How social TV strategies influence viewer engagement and behavior has been the subject of my recent research at The Social TV Lab, where we have begun to quantify the social media strategies of some of TV's most popular shows using data on real-time public viewer responses on Twitter and Facebook. Two of our recent case studies, one of Super Bowl XLVI, and the other of the popular reality/game show The Voice (in which products from the show are sold on iTunes), show that social TV strategies are indeed successfully increasing and sustaining user engagement.
The Super Bowl study focused on real-time social media responses to TV advertising. We linked the content of real-time Twitter responses to aspects of Super Bowl XLVI ads including social media strategy, creativity, and product type. We analyzed millions of tweets and found that online consumer engagement, as measured by new Twitter followers and overall buzz, correlates directly to having an active social media strategy.
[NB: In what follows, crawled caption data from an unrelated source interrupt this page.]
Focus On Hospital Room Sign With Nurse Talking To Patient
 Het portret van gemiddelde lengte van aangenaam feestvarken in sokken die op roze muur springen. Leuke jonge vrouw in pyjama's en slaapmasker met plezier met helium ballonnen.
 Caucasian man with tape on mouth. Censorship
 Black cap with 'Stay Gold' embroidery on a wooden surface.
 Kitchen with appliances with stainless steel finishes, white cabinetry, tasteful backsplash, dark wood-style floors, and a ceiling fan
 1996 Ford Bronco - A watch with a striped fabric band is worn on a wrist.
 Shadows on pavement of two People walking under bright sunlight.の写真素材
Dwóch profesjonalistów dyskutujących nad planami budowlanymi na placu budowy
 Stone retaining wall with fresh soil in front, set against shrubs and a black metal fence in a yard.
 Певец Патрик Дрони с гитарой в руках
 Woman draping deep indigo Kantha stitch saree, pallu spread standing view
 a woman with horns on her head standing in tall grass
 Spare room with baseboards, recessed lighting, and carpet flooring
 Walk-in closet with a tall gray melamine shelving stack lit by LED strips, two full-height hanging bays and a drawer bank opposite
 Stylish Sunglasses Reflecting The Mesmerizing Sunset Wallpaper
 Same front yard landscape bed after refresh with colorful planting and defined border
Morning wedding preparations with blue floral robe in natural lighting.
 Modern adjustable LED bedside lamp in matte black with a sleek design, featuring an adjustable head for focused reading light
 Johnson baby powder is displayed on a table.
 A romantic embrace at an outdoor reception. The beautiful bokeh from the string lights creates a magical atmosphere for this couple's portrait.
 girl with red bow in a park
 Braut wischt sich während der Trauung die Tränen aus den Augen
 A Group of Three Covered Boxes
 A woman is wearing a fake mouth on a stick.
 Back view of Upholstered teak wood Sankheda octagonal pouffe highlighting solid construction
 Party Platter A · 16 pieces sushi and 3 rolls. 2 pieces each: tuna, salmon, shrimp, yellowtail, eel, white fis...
When, for example, an advertisement contained a social media-based game, viewer engagement was sustained over the duration of the entire broadcast. Looking more deeply at the content of viewer responses, we also found that positive sentiment and levels of Twitter sharing - measures often used to quantify the effectiveness of TV ads - varied significantly by demographic category.
The Voice study focused on real-time social media responses to social TV strategies, including the placement of on-air hashtags and tweets. When specific tweets are posted on air, viewers are more likely to discuss those tweets than messages created by the same online social media users if not posted on air. We also found that tweets and other social media content draw different levels of social media engagement on-air tweets with new information result in more engagement than general on-air hashtag posts (but only on the first, East Coast airing). Most significantly, linking online buzz to sales, we found buzz an excellent predictor of sales. Song, contestant characteristics, and quality were even better sales predictors when combined with buzz, suggesting that buzz and perceived product value together can best explain sales. Of course, iTunes sales during The Voice is a very specialized case, but the fact that we can observe purchases over time in response to TV content lets us begin to understand the previously mysterious relationship between content, buzz and sales.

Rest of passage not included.